» Work to be completed: Character for character, transcribe the entries below, minus the images.

» Source material:
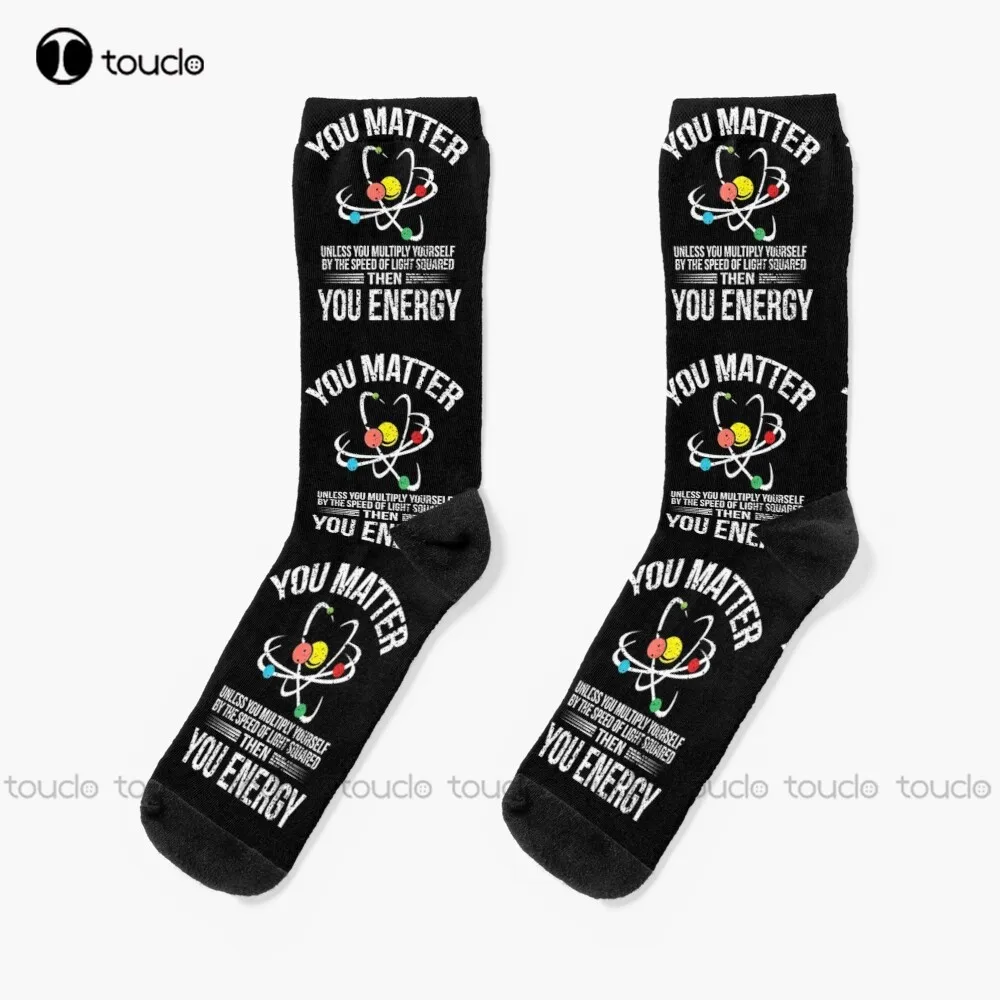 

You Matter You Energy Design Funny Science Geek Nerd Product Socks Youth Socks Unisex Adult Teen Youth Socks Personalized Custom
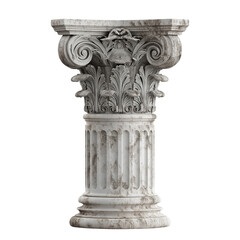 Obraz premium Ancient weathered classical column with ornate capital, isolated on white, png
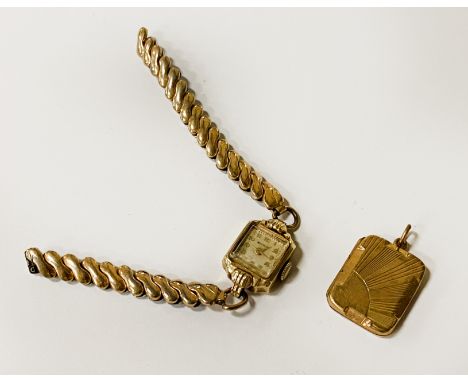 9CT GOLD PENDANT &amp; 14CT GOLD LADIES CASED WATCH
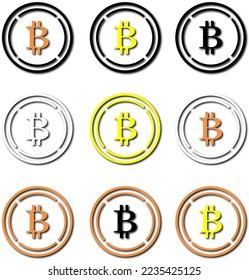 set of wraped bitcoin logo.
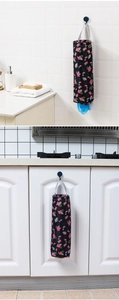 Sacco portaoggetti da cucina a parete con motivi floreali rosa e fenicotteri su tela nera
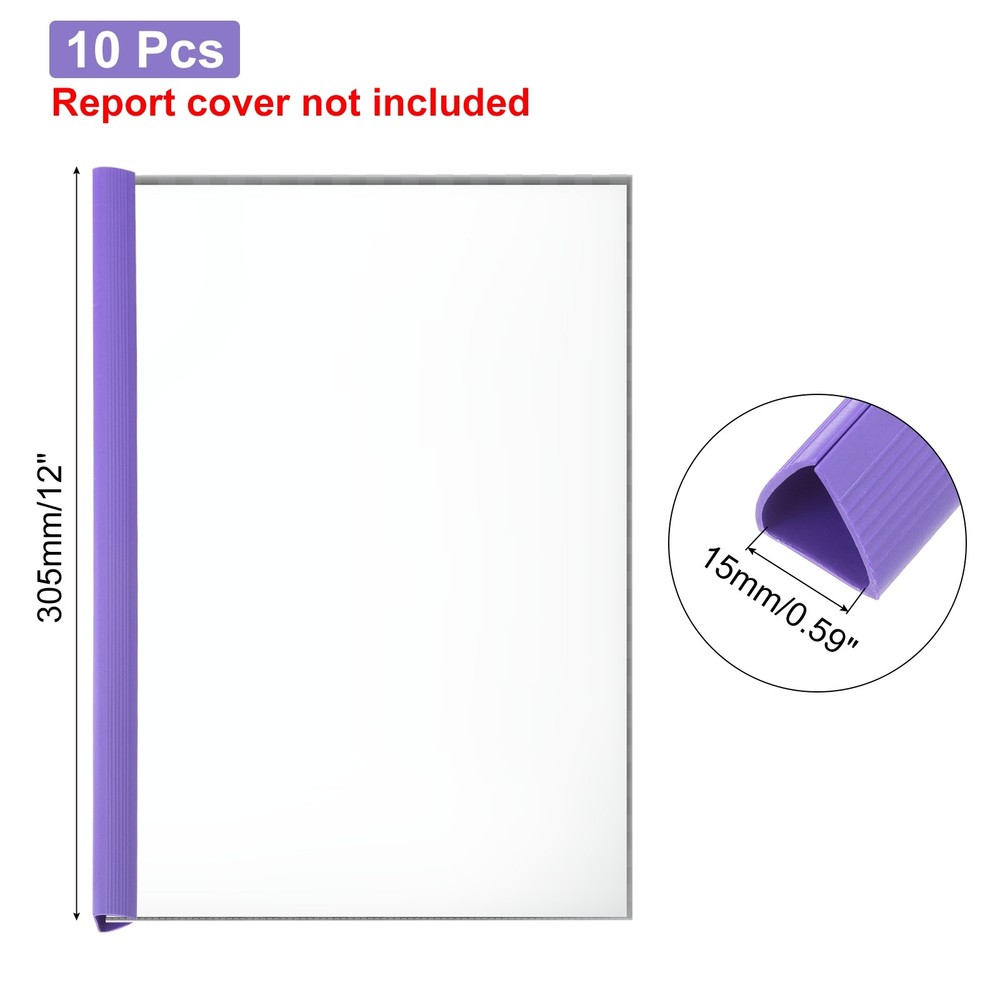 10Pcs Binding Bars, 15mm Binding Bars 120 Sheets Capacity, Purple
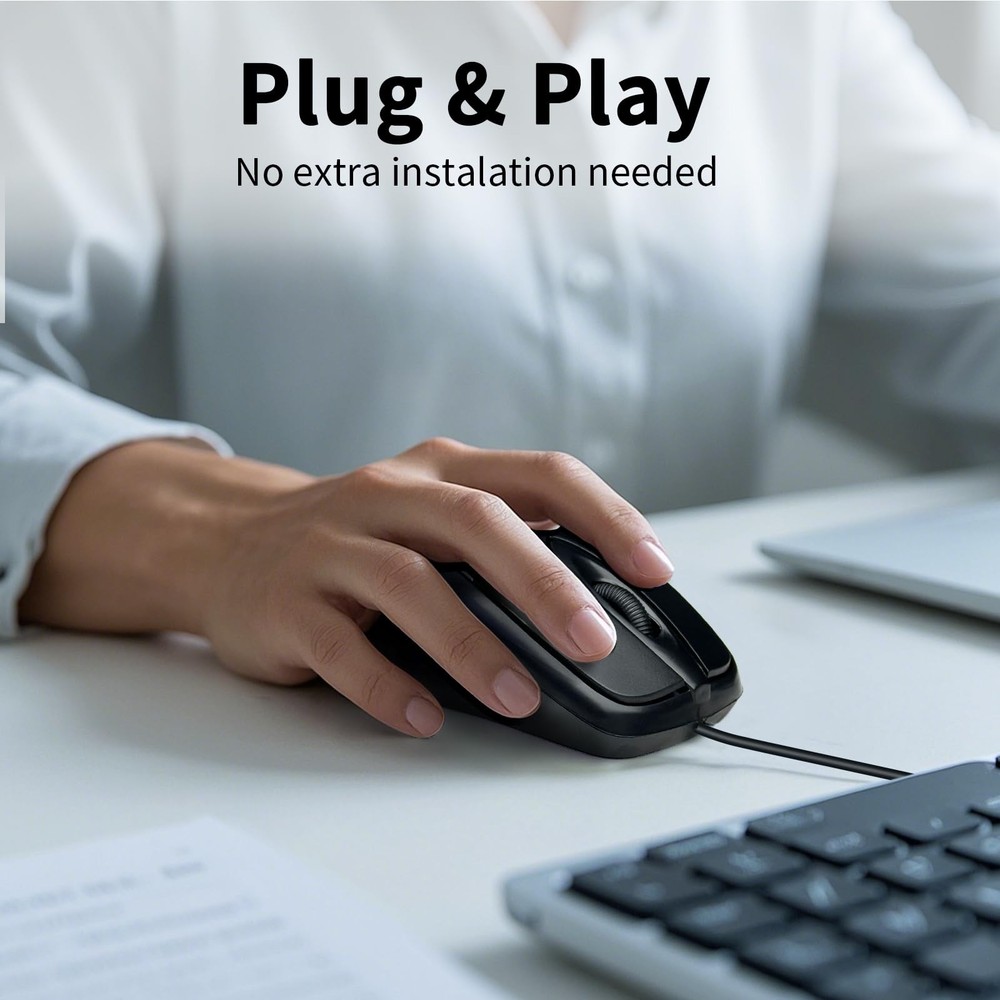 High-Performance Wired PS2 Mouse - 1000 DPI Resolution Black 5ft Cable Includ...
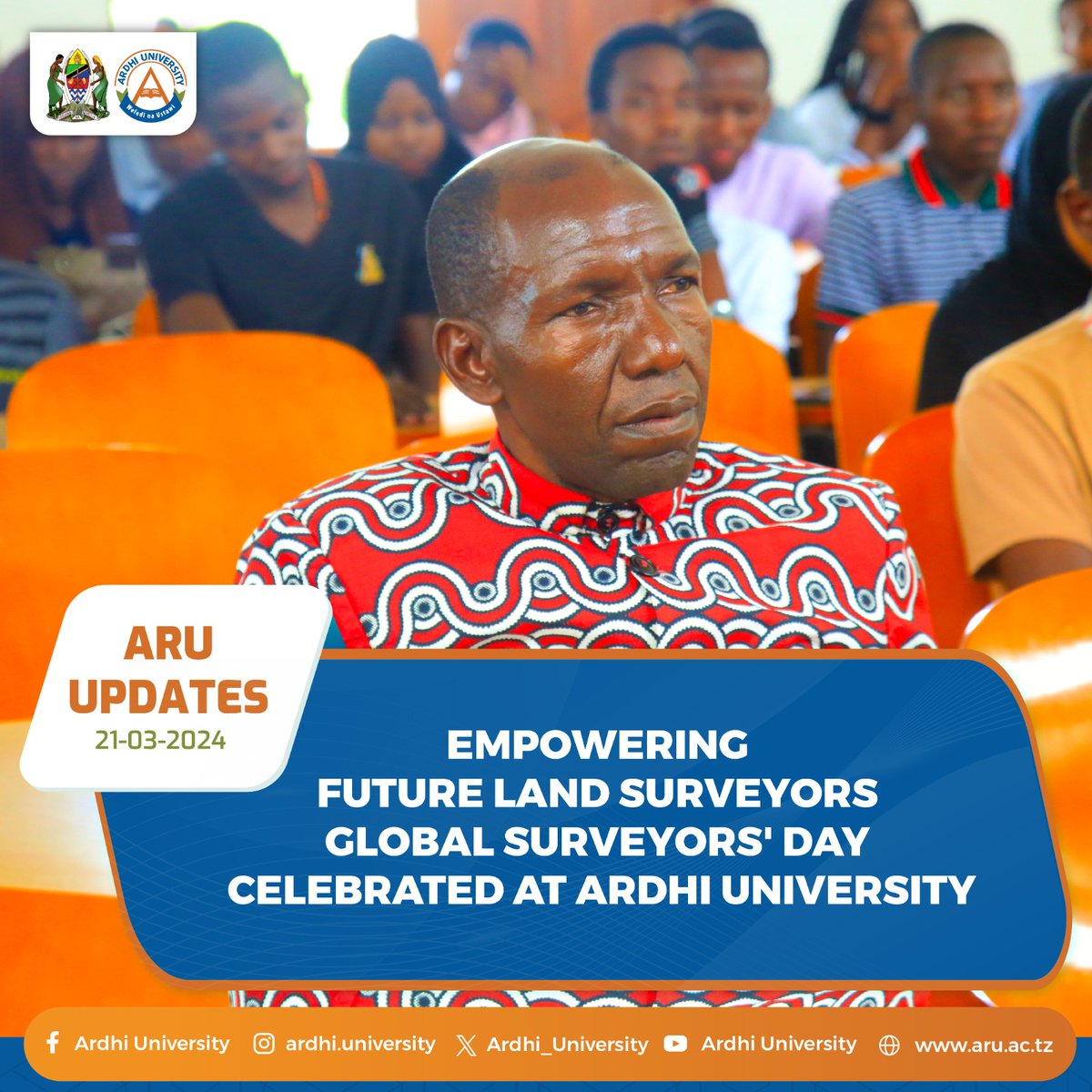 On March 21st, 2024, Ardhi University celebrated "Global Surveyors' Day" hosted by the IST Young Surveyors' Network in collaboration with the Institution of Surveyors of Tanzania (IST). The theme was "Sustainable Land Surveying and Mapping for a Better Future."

» Written response:
You Matter You Energy Design Funny Science Geek Nerd Product Socks Youth Socks Unisex Adult Teen Youth Socks Personalized Custom
 Obraz premium Ancient weathered classical column with ornate capital, isolated on white, png
 9CT GOLD PENDANT &amp; 14CT GOLD LADIES CASED WATCH
 set of wraped bitcoin logo.
 Sacco portaoggetti da cucina a parete con motivi floreali rosa e fenicotteri su tela nera
 10Pcs Binding Bars, 15mm Binding Bars 120 Sheets Capacity, Purple
 High-Performance Wired PS2 Mouse - 1000 DPI Resolution Black 5ft Cable Includ...
 On March 21st, 2024, Ardhi University celebrated "Global Surveyors' Day" hosted by the IST Young Surveyors' Network in collaboration with the Institution of Surveyors of Tanzania (IST). The theme was "Sustainable Land Surveying and Mapping for a Better Future."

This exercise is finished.